Aunque varios maestros continuaron explicando el evangelio de Isaías, le tocó a Jeremías tomar el próximo paso audaz en la internacionalización de Yahvé, Dios de los hebreos.
Jeremías declaró audazmente que Yahvé no estaba del lado de los hebreos en sus contiendas militares con otras naciones. Declaró que Yahvé era Dios de toda la tierra, de todas las naciones y de todos los pueblos. Las enseñanzas de Jeremías representaron el crescendo de la ola en aumento de la internacionalización del Dios de Israel; finalmente y por siempre este predicador intrépido proclamó que Yahvé era el Dios de todas las naciones, que no había Osiris para los egipcios, Bel para los babilonios, Asur para los asirios ni Dagón para los filisteos. Y así, la religión de los hebreos compartió en ese renacimiento del monoteísmo en todo el mundo alrededor de esta época y después de ella; por fin el concepto de Yahvé había ascendido al nivel de Deidad de dignidad planetaria y aún cósmica. Pero muchos de los asociados de Jeremías encontraban difícil concebir a Yahvé aparte de la nación hebrea.
Jeremías predicó también sobre el Dios justo y amante descrito por Isaías, declarando: «Sí, con amor eterno te he amado; por tanto, te prolongué mi misericordia». «Porque no aflige voluntariamente a los hijos de los hombres».
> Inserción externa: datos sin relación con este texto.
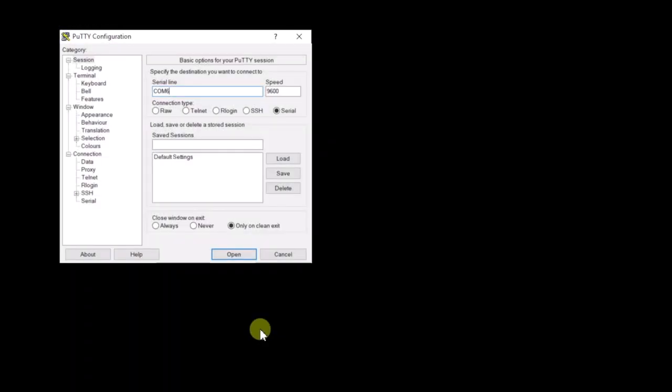All right, so I've got that memory installed, got my console cable connected again, so we're going to get putty fired up here, and then I'm going to turn on the power, and let's see what happens this time.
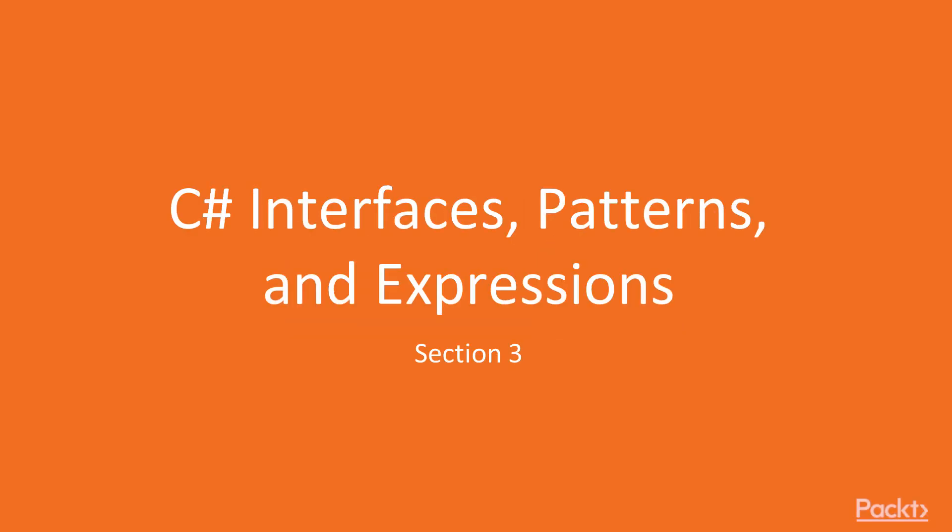In this section, we will continue looking into the new features that C# and .NET Core come with. This time, we will focus on interfaces, patterns, and expressions.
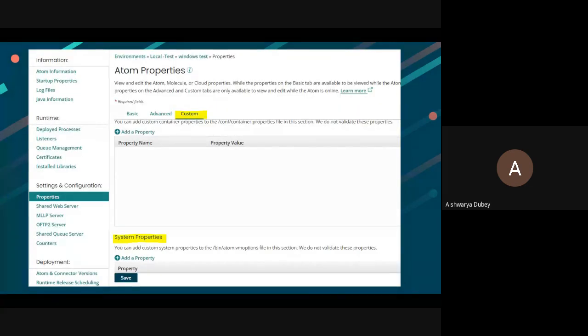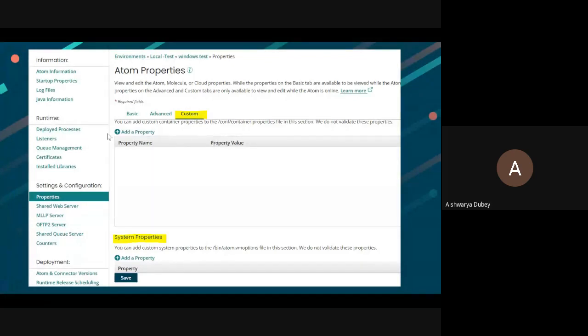First, you can go to Atom Management and then select Atom Properties in your atom. There we can see a custom tab. Here you can give the properties.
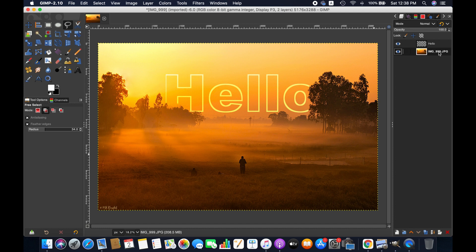Friends, this is how you can simply outline and add effect to text in GIMP. Thanks for watching and we'll see you next time. Goodbye.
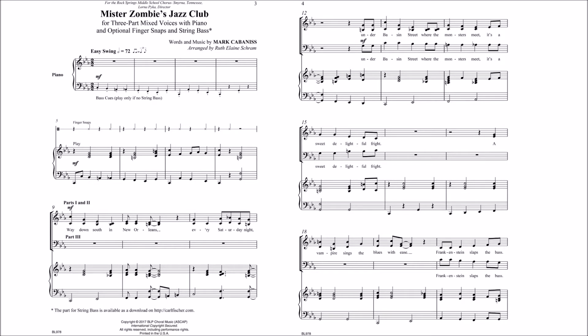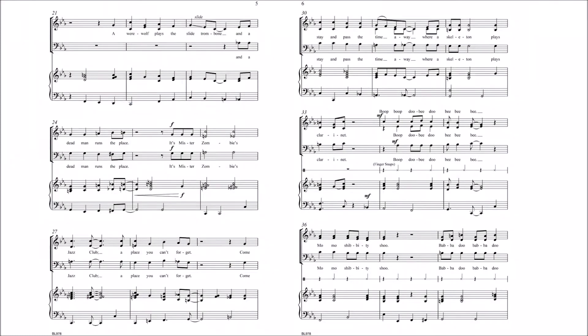A vampire sings the blues with ease, Frankenstein slaps the bass. A werewolf plays the sly trombone, and a dead man runs the place.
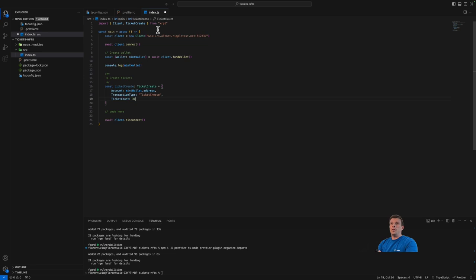Keep in mind that a ticket is an object on the ledger, so it requires an owner reserve of 2 XRP per ticket. In this case with 30 tickets I'll need 60 XRP as a reserve. However, the XRP is released when you use the tickets — so when the NFTs are minted, the XRP in reserve will be released and available for use again.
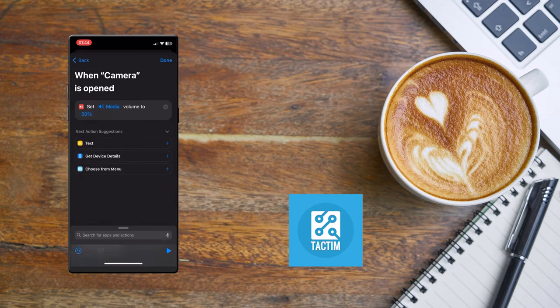Now click on the 50 percent and make it 0 percent like this. Click the top right Done.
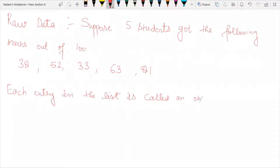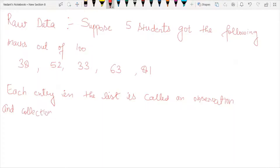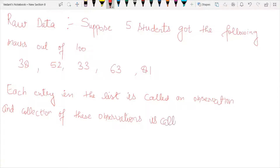I have told you that I have taken the marks of 5 students, and each entry is called an observation. The collection of these observations is called data, or raw data.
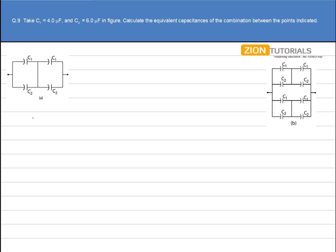We have the value of C1 as 4µF and C2 as 6µF, and we have to calculate the equivalent capacitance of the combination between the points indicated.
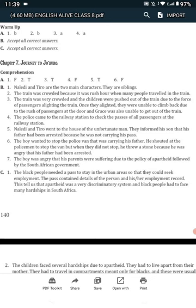Question 4. Why did the police come to the railway station? The police came to the railway station to check the passes of all the passengers at the railway station.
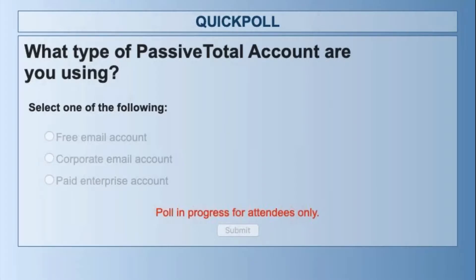The first question: what type of Passive Total account are you using? Are you using the free email account, the corporate email account, or the paid account? The reason we're asking is we want to make sure you understand what you're seeing today and what you might see a week from now if your trial is over or the code is no longer working.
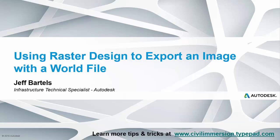In this session, we'll look at how we can export an image using a world file such that we can insert it geospatially into other drawings.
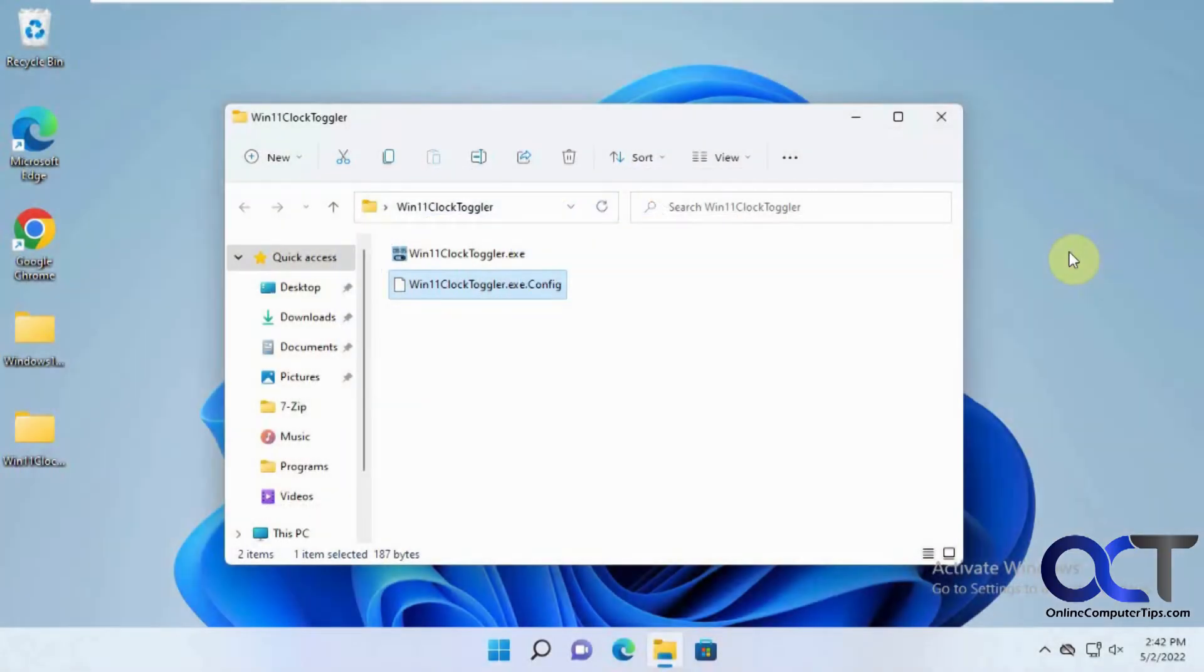Hi, in this video we're going to show you how to hide the clock in Windows 11 with this little app called Win11ClockToggler.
Dijo este intrépido profeta: «Recto es nuestro Señor, grandioso en su consejo y poderoso en su obra. Sus ojos están abiertos sobre todos los caminos de todos los hijos de los hombres, para dar a cada uno de acuerdo con su camino y de acuerdo con el fruto de sus obras». Pero se consideró traición blasfema cuando, durante el sitio de Jerusalén, él dijo: «Y ahora yo he puesto estas tierras en manos de Nabucodonosor, rey de Babilonia, mi siervo». Y cuando Jeremías aconsejó que se rindiera la ciudad, los sacerdotes y los gobernantes civiles le arrojaron en el foso cenagoso de un lúgubre calabozo.